When it comes to watching wildlife, New Mexico is famous not only for the world-renowned bat flights at Carlsbad Caverns, but also big horned sheep and pronghorn antelope that like to race alongside vehicles on dusty backcountry roads, and the specially adapted neo-tropical animals living in the very southern regions of the state. BLM New Mexico manages over 13 milllion acres of public lands that provide diverse habitats for fish, wildlife, and special status species of plants and animals.
Both native and exotic species thrive here in New Mexico. Don’t be surprised if you are driving around New Mexico and see some very odd looking animals grazing off the side of the road. Many non-native, exotic species -- such as Barbary sheep, Oryx, and Ibex of the Saharan regions areas of North Africa -- have been introduced into the state. Another introduced species, and symbol of the old West, also is thriving in New Mexico – wild horses, which can be seen on public lands east of Socorro and other remote areas of the state.
Bird watching? There are at least 479 species living in New Mexico, many of them are neo-tropical species migrating up from Mexico and South America. We have a bird checklist you can download to keep tract of all the different species you might find around the state.
For more information on Watchable Wildlife, please visit our Field Office sites or visit some of the web links below.
Watchable Wildlife Etiquette
Wildlife viewing is a favorite recreational activity of many who live or visit the West.

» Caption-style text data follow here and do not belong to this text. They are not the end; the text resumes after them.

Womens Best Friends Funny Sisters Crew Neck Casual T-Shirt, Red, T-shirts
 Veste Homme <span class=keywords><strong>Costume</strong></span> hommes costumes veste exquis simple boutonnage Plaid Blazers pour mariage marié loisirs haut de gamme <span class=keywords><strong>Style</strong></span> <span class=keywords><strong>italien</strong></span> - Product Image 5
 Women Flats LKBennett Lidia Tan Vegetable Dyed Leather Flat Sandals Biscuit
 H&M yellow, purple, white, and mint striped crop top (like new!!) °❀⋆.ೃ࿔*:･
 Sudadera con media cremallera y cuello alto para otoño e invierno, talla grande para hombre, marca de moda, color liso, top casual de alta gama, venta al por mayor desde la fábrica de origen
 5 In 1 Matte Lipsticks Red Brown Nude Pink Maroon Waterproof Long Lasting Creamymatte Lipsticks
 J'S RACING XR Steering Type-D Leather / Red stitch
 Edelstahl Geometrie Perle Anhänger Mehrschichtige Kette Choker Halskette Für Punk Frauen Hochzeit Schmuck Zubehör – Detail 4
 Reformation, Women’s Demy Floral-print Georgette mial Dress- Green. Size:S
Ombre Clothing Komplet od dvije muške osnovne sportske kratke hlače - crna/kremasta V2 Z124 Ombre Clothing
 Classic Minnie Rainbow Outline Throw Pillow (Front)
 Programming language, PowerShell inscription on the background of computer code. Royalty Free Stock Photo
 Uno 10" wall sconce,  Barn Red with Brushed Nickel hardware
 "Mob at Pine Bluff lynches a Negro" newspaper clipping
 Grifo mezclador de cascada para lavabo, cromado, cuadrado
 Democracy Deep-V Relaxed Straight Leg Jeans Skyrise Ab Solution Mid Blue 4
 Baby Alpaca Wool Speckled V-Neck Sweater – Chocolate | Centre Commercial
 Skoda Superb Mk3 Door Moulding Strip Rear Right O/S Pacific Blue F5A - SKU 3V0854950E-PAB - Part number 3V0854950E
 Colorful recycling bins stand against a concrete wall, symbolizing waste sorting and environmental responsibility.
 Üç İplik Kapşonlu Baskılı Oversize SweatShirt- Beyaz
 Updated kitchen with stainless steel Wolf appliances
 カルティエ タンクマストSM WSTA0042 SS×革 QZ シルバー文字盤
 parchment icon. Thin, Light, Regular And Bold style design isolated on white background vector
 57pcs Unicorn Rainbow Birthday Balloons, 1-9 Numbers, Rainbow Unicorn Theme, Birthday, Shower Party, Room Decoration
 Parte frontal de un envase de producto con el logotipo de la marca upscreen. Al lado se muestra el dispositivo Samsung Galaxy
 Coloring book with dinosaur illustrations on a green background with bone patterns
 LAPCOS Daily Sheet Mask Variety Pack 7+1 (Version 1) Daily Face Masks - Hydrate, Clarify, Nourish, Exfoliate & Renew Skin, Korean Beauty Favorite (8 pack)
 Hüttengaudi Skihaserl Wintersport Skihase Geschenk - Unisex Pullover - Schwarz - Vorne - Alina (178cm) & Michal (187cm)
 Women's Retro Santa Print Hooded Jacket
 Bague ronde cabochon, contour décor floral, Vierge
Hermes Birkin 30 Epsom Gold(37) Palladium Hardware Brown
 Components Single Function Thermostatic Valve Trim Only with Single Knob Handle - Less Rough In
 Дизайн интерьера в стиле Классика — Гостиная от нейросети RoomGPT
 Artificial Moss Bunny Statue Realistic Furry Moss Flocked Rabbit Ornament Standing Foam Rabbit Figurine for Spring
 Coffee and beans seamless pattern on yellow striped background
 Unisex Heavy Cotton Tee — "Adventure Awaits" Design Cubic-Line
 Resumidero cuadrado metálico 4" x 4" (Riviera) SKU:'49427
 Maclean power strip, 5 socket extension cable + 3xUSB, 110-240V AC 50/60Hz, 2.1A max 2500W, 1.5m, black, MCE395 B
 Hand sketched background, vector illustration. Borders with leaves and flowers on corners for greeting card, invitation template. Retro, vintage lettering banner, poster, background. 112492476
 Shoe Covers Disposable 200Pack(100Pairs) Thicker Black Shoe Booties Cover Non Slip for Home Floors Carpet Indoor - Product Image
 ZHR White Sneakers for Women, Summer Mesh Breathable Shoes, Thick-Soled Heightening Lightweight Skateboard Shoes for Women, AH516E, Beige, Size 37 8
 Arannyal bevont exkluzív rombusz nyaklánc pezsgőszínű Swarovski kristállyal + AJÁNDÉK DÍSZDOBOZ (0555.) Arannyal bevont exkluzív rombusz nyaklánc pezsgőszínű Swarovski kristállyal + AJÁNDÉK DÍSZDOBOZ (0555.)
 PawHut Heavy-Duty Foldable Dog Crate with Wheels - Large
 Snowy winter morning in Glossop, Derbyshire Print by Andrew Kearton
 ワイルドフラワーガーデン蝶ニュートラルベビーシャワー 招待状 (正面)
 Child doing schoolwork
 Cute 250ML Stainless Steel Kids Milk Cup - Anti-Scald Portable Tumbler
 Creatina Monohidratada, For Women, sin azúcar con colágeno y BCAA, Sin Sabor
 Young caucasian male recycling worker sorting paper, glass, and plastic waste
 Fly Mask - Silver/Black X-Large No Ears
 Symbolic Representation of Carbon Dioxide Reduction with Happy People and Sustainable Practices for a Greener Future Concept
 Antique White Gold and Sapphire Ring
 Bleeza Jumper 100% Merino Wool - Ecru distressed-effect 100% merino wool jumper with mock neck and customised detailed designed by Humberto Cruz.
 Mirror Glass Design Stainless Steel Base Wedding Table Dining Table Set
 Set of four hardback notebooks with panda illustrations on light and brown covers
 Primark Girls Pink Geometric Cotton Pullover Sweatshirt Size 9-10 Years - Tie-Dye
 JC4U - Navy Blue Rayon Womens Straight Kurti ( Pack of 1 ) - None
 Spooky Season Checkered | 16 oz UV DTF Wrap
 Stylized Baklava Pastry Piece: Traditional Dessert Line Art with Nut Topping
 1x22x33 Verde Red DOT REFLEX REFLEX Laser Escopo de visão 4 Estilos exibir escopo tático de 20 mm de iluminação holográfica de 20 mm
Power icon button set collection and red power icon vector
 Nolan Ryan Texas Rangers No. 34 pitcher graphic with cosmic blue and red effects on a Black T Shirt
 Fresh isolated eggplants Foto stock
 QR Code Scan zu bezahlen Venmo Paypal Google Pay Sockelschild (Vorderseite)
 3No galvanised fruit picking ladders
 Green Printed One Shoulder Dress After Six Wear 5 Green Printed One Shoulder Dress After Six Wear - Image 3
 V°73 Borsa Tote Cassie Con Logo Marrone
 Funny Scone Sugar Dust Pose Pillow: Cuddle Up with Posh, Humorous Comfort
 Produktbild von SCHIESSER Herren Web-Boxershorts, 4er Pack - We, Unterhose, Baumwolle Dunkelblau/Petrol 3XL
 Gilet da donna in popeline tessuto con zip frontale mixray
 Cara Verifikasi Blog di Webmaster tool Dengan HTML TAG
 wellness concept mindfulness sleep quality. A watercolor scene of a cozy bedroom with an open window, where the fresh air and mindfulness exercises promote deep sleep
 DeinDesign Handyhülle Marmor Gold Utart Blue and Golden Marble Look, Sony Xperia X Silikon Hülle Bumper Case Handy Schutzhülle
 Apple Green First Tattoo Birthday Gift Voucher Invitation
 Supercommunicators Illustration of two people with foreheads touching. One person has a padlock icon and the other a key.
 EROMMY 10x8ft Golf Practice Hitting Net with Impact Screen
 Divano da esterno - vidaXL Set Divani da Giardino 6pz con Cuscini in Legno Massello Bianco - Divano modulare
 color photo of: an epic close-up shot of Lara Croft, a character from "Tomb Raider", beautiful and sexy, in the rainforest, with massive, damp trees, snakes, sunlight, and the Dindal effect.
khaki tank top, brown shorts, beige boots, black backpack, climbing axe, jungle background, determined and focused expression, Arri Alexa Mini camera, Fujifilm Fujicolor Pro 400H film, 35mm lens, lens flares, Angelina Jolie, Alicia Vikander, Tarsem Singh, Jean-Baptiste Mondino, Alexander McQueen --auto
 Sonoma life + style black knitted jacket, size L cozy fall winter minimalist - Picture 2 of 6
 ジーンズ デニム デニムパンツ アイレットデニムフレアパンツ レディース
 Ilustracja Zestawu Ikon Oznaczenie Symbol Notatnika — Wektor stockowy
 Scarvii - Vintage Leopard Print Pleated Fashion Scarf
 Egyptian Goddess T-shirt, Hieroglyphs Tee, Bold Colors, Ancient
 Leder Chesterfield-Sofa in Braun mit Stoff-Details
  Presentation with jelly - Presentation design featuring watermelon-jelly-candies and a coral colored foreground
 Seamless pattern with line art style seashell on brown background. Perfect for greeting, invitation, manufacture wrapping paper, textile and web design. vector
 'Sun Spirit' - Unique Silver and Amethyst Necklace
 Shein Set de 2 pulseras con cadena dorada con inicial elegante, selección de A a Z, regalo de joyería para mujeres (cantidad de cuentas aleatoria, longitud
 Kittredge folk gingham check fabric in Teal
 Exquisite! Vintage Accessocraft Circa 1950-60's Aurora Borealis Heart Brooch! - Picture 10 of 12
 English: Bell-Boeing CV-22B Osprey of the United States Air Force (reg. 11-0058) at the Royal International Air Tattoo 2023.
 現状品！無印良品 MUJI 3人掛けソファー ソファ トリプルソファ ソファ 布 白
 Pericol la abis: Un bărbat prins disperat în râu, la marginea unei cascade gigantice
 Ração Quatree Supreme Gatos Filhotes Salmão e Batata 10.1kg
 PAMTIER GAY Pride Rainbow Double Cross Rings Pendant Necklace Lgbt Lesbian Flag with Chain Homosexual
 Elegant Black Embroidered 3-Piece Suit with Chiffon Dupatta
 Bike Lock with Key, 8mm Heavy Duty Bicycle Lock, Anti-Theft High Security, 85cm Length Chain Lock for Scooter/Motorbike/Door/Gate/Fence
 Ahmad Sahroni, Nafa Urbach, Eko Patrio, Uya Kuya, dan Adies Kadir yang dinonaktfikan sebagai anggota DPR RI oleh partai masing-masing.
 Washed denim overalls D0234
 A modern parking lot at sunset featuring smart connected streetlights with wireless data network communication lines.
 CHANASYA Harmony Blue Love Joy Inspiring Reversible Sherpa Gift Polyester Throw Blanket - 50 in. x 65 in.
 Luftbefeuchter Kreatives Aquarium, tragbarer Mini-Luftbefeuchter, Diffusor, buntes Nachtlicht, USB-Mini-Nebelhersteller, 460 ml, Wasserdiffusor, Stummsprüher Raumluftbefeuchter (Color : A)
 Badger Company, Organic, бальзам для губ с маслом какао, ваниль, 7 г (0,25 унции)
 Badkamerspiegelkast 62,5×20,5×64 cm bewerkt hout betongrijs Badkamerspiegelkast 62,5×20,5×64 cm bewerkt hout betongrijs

And nearly all wildlife is "watchable wildlife," if you have the patience.
- Observe animals from a safe distance. Get close by using binoculars, a spotting scope or a camera with a telephoto lens. You probably are too close if animals are looking at you with head up and ears pointed toward you or are "jumpy" when you move or make a noise. If you see these signs, sit quietly or move slowly away until the behavior changes. Be especially sensitive to adults with young.
- Move slowly, quietly, and casually, not directly at wildlife. Allow animals to keep you in view; do not surprise them.
- Never chase or harass wildlife; harassment of wildlife is against the law.
- Leave pets at home. At best they hinder wildlife watching; at worst they can chase, injure or kill wildlife; or they can become prey themselves.
- Using the animals’ behavior as a guide, limit the time you spend watching if animals appear to be stressed.
- Respect others who are viewing the same animals.
- Do not feed wild mammals; keep them wild.
- Respect private property rights; ask first to watch on private land.
- Resting is critical behavior for many animals; don’t encourage them to "do something or act up" for you or your camera.
- Avoid animals that behave strangely or aggressively. They may be ill. Don’t pick them up, and report your sighting to the New Mexico Game and Fish or other government agency.